At the center of the plan, RDTH architekti place a compact furniture block, slightly rotated to organize the apartment into separate functional zones. This single move gives the interior its structure. The block creates spatial hierarchy without closing the apartment into conventional rooms, allowing movement to continue around it. The result feels fluid, but far from empty. Each zone has a clear role, while the overall plan remains open to change. Built-in furniture carries much of the organizational work, while freestanding pieces, plants, accessories, and personal objects allow the residents to shape the atmosphere over time.
The apartment contains two kitchens, each with a different purpose. The first sits directly in the living area and functions closer to a home café. It offers a social and informal point within the apartment, with the possibility of future adaptation if the residents’ needs change. The second kitchen occupies the back of the layout and includes the full set of appliances. It connects to a freestanding washer and dryer and a system of open shelves. A curtain separates this area from the rest of the apartment, allowing it to remain visually soft while staying fully accessible when needed.

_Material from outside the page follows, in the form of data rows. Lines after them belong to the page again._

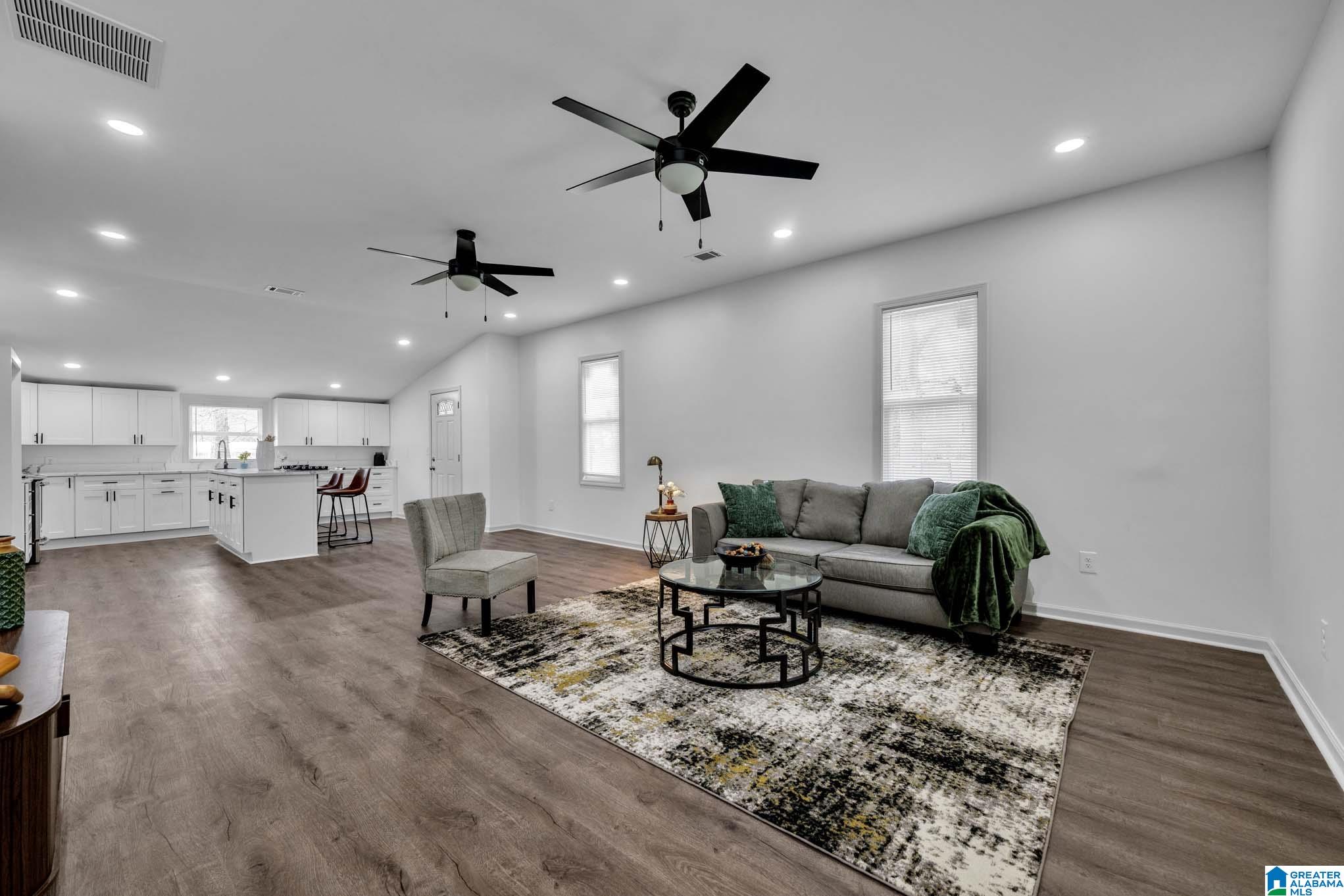 1007 Tidmore Bend Road Gadsden, AL 35901 - Photo 4 of 38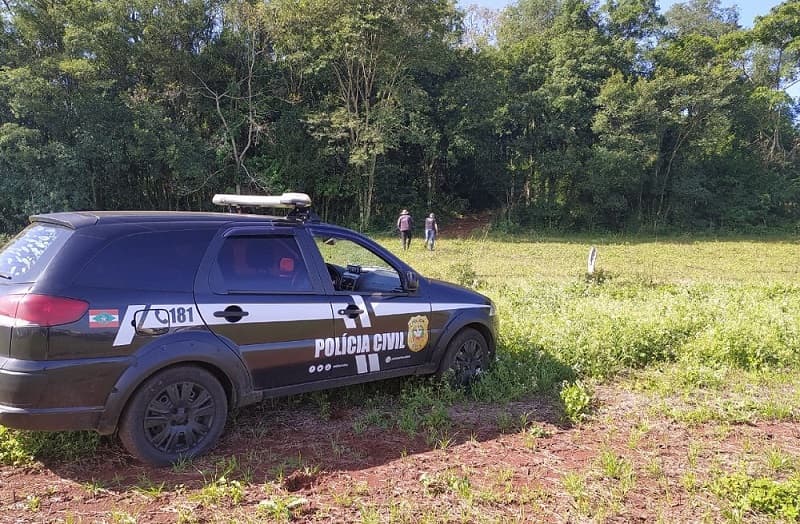 Investigado está sendo procurado pela polícia (Foto: PC)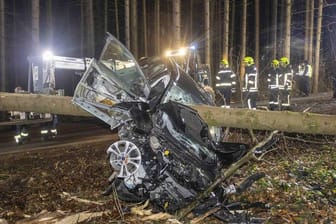 Unfall in Österreich: Das Foto zeigt das völlig zerstörte Fahrzeug.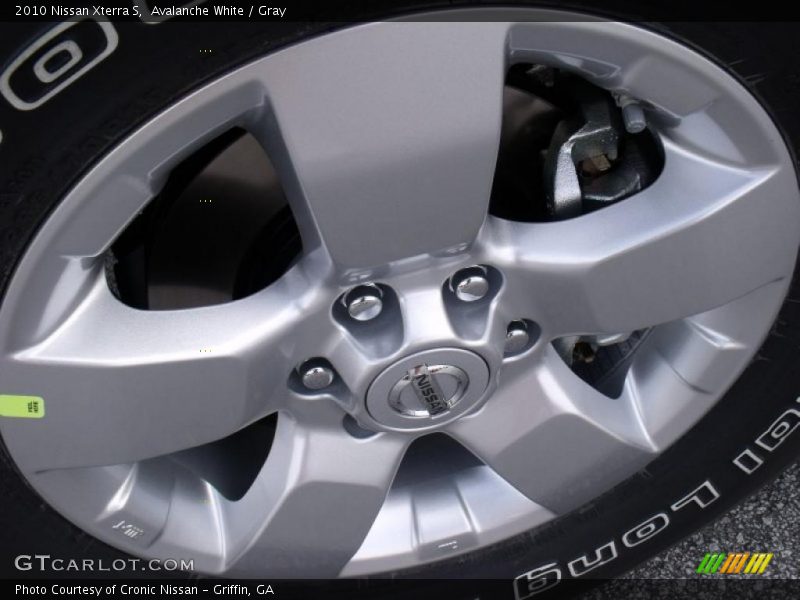 Avalanche White / Gray 2010 Nissan Xterra S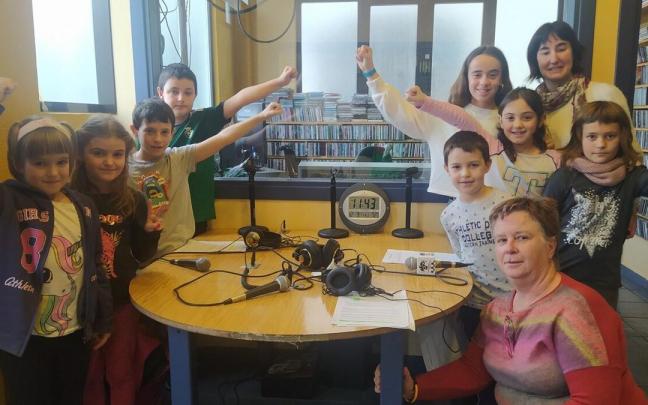 Zigako eskolako ikasle eta irakasleak Xorroxin Irratiaren Elizondoko estudioan.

RDTH architekti treat the hygiene area with similar precision. Behind the central furniture block, the sanitary functions occupy a raised floor area that contains water and sewage distribution for the washbasin and sink. The toilet remains the only room with a classic door, separated by a wall of glass concrete blocks that allows light to pass through while maintaining privacy. The washbasin moves outside the enclosed shower space, giving it a wider role in the apartment and separating hygiene from the rigid logic of a standard bathroom layout.
Material choices give the project its direct architectural character. RDTH architekti expose the concrete skeleton of the building and return it to its raw material presence. Plastered external walls, oak parquet flooring, white built-in furniture, blackout curtains, and glass concrete blocks create a measured interior palette. The combination avoids decorative excess and gives the apartment a practical, lived-in quality. The curtains add immediate control over light and acoustics, while the glass blocks bring texture and privacy into the plan without blocking brightness.

Lighting follows the same logic of simplicity and adaptability. The entire apartment connects to a single lighting circuit, with individual lights controlled digitally through residents’ mobile phones or a home tablet. Some lights also use digital rocker switches placed in familiar positions. This system keeps the ceiling and walls free from unnecessary visual noise while giving residents flexible control over the apartment’s atmosphere throughout the day.
The project also responds to its urban setting. With shops, restaurants, cafés, sports facilities, parks, cultural institutions, a large library, and a metro station within a ten-minute walk, the apartment does not need to store everything inside. RDTH architekti use this condition as part of the spatial argument. The city absorbs some of the pressure usually placed on domestic storage, allowing the apartment to remain open, light, and spacious.

No-Wall Apartment presents openness as a conscious design decision, shaped through structure, furniture, material, and use. RDTH architekti avoid treating flexibility as an abstract concept. They give it physical form through a plan that can shift over time, accept new dividing elements, or change with the residents’ priorities. The project turns the removal of walls into a disciplined architectural strategy, creating a home that feels direct, adaptable, and carefully resolved.